- Born: Toronto, Ontario, Canada
- Education: McGill University University of Toronto
- Occupations: Art historian, journalist, arts advocate
- Employer: York University
- Known for: Founder and executive director of the Art Canada Institute

= Sara Angel =

Canadian art historian

Sara Angel, C.M. is a Canadian art historian, journalist and arts advocate best known as the founder and executive director of the Art Canada Institute.

==Early career in publishing and journalism==

Born and raised in Toronto, Angel worked for 15 years in arts publishing and journalism before entering academia. She began her career in 1992 as an editor at Macfarlane Walter & Ross, then as the editorial director at Bruce Mau Design. She moved to London, UK to work as a commissioning senior editor at Phaidon Press. Returning to Canada in 1999, she founded Otherwise Editions and Angel Editions, both companies that specialized in packaging innovative illustrated books. Angel also served as a commentator for CBC television’s On the Arts, an editor for Saturday Night magazine, a columnist for the National Post, and editor-in-chief of Chatelaine.

==Education and academic career==

Angel completed a PhD in art history at the University of Toronto. Her doctoral research focused on the restitution of Nazi-looted art. Her thesis was on the case of Montreal art dealer Max Stern, who was forced by the Nazi regime in 1937 to auction more than 300 works after being prohibited from selling art under antisemitic policies. Angel’s research documented the restitution of twelve lost works recovered between 2003 and 2012. Angel also holds a joint Bachelor of Arts in Art History & History from McGill University.

Angel has taught courses on art restitution and art crime as an adjunct professor at York University and been a guest lecturer at institutions including Harvard University, the Art Gallery of Ontario and the National Gallery of Canada. In 2024, Angel was appointed a Member of the Order of Canada for her contributions to Canadian art history as a visual arts journalist and founder of the Art Canada Institute.
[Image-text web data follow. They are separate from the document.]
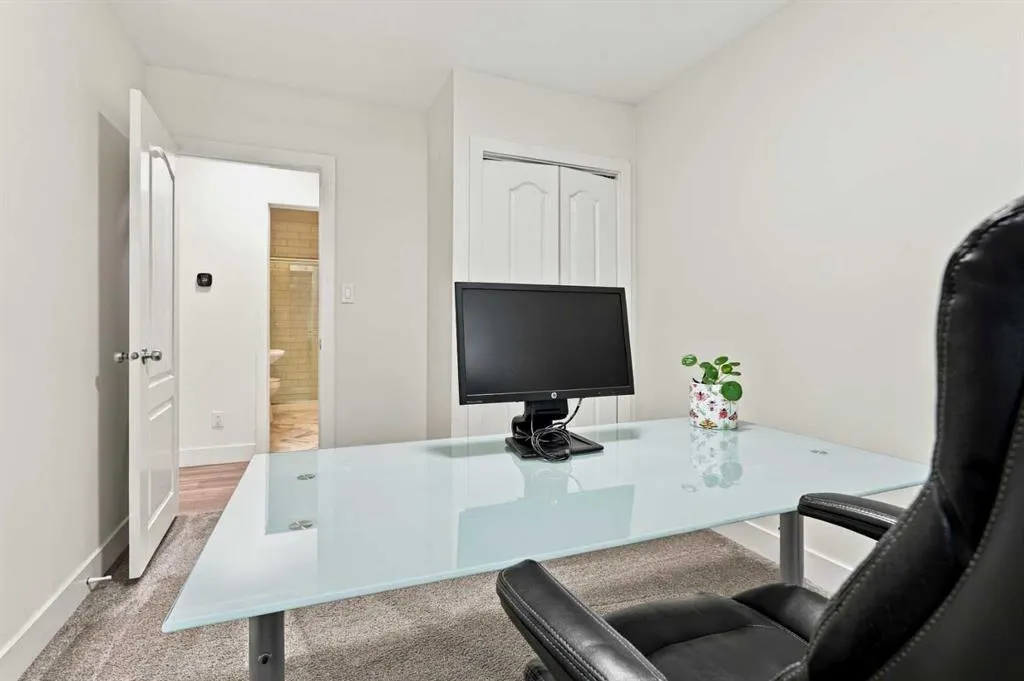137 Lissington Drive SW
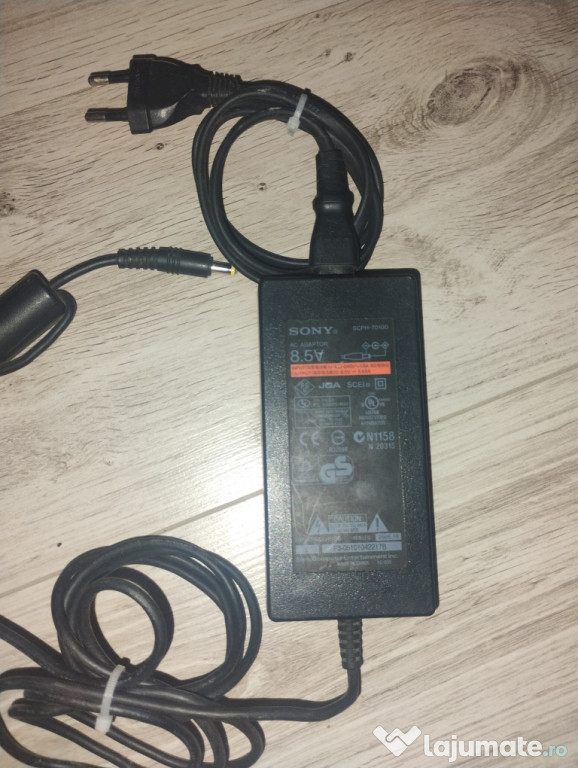 Adaptor de alimentare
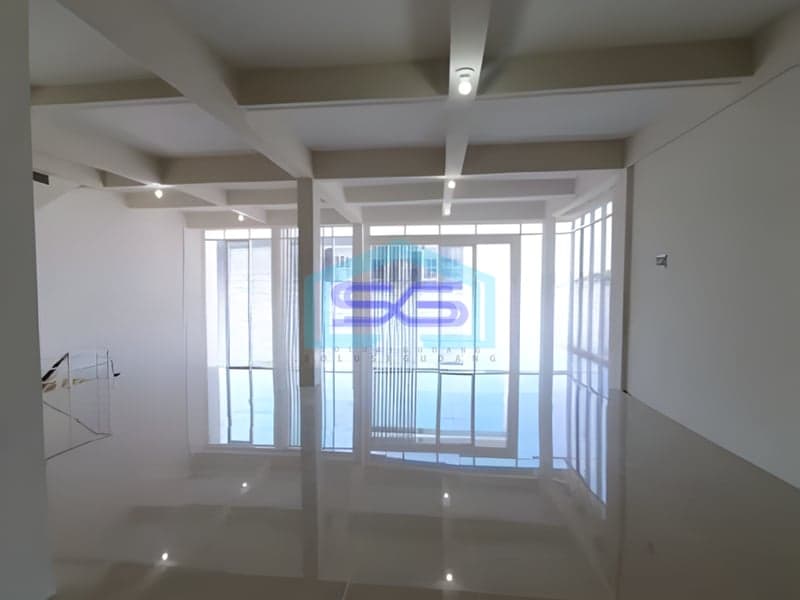 Dijual Ruko Ada Lift Luas Bangunan 450 m² Lokasi Bebas Banjir di Surabaya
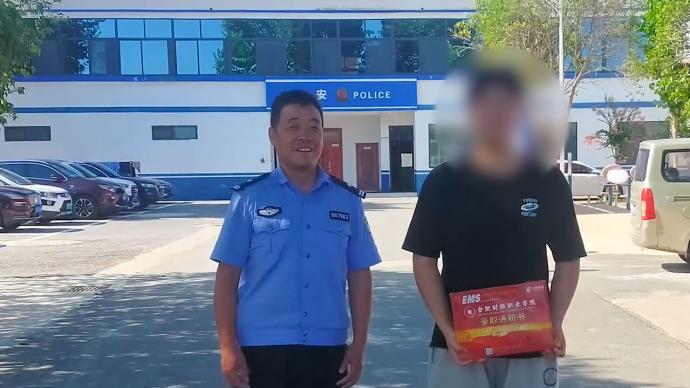 深夜民警翻遍廢品堆,找回錄取通知書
==Founding the Art Canada Institute==

While teaching art history as a graduate student at the University of Toronto, Angel identified a lack of accessible and comprehensive public resources on Canadian art history, which motivated her to develop a national digital platform to address this gap. In 2013, she founded the Art Canada Institute at Massey College, where she was a Junior Fellow, working with its then Master (now Principal) John Fraser. She used funding from her Pierre Elliott Trudeau Foundation doctoral scholarship to support the institute’s early development and planning.

==Personal life==

Angel lives in Toronto with her husband and three children.